Двадцать минут на Манхэттене | страница 57



В один прекрасный день я сидел на крыльце напротив Джейн и обратил внимание на двух ребят, шедших по улице. Проходя мимо дерева Уилсона, у основания которого Джейн соорудила из проволочек что-то вроде ограждения, чтобы защитить цветы от собак и мусора, один из них нагнулся и снял клочок бумаги, наброшенный на календулы. Я обратил внимание, что в руке у него бумажный пакет из супермаркета, который он использовал в качестве мусорного. Потом этот человек перешел к другому дереву и повторил то же самое.

Меня это ужасно растрогало. Ведь именно череда таких мелких событий и делает городскую жизнь приемлемой, даже прекрасной, и спасает нас от гоббсовских джунглей, столь долгое время остававшихся наиболее подходящей метафорой для описания городской жизни. В своих «Путях в утопию» Мартин Бубер писал: «Порою я думаю, что каждый раз, когда в многоквартирном доме я ощущаю добрососедскую помощь, волну теплого товарищества… это увеличивает мировую общность». И впрямь.
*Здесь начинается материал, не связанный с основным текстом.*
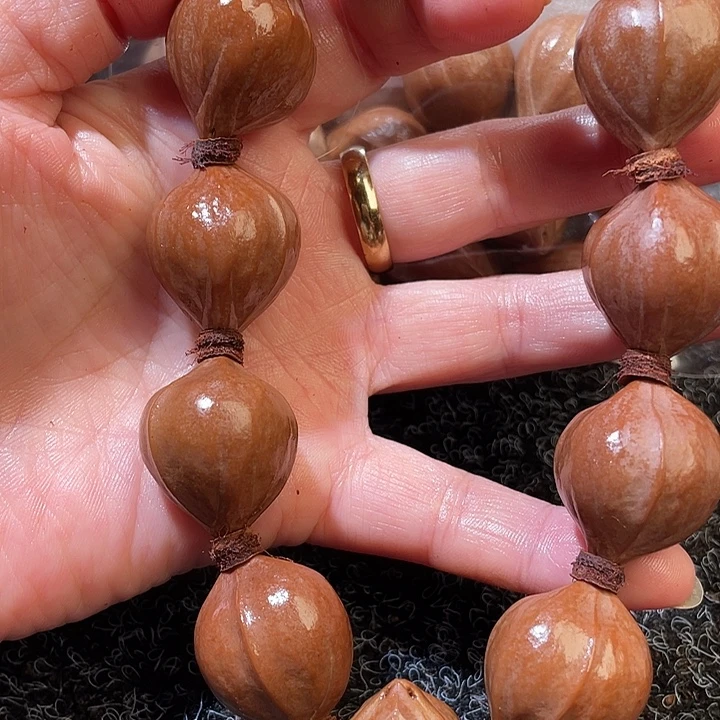 难***涂橄榄核吊坠2.1✖️2.6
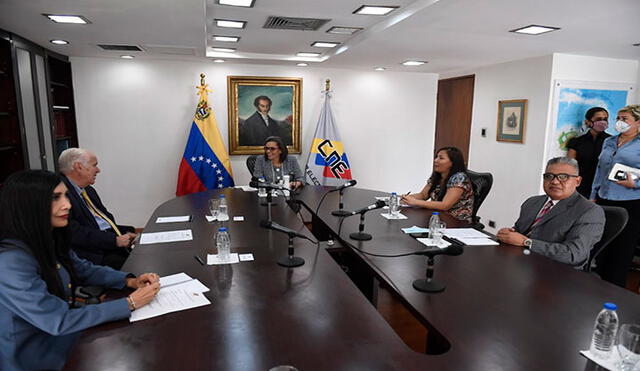 La nueva presidenta del CNE, Indira Alfonzo (c), junto a los rectores electorales Gladys Gutiérrez (i), Rafael Jiménez (2-i), José Luis Gutiérrez (d) y Tania D'Amelio (2-d), durante la sesión de instalación de las nuevas autoridades del poder electoral, el en Venezuela. Foto: AFP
Все мы видели это маленькое оповещение в самолетном туалете: «Для удобства следующего пассажира, пожалуйста, протрите полотенцем раковину». Самолеты – занятные теплицы цивилизованного поведения. Стесняющие и гомогенизирующие, лишающие вас возможности наведаться в туалет, не побеспокоив соседа, стискивающие без возможности поерзать, воздушные путешествия осуществимы лишь при условии заведомо хорошего поведения. Формы этого добрососедства скрупулезно – в дюймах – просчитаны, в среде, в которой разделение публичного и личного сведено к минимуму в контексте пространства для ног и рук, деликатной необходимости спать рядом с чужим человеком, безусловном требовании держать место в чистоте и порядке, не обращая внимания на неотступный взгляд вашего соседа по ряду с угрожающего вида остроносыми ботинками.

Момент истины настал для меня несколько лет назад, когда я стоял в самолетной уборной. Я закончил мыть руки и протер бумажным полотенцем нержавеющую раковину. Я тер ее до тех пор, пока мокрые пятна не исчезли и с самой раковины, и со столешницы, а потом принялся за зеркало. Потом я обнаружил, что сижу на полу, со свежим полотенцем в руках и вытираю его досуха. Вдруг я осознал: я согнулся в три погибели в уборной «Боинга-767», в руке у меня бумажное полотенце и я натираю им пол. Неужели мой невроз нынче разыгрался сильнее обычного? Не думаю, что мой жест был проявлением чистого бессребреничества – ведь предназначался он не только следующему пассажиру, но и служил своего рода посланием пассажиру предыдущему, проявившему небрежность, хотя он никак не мог его видеть и оценить.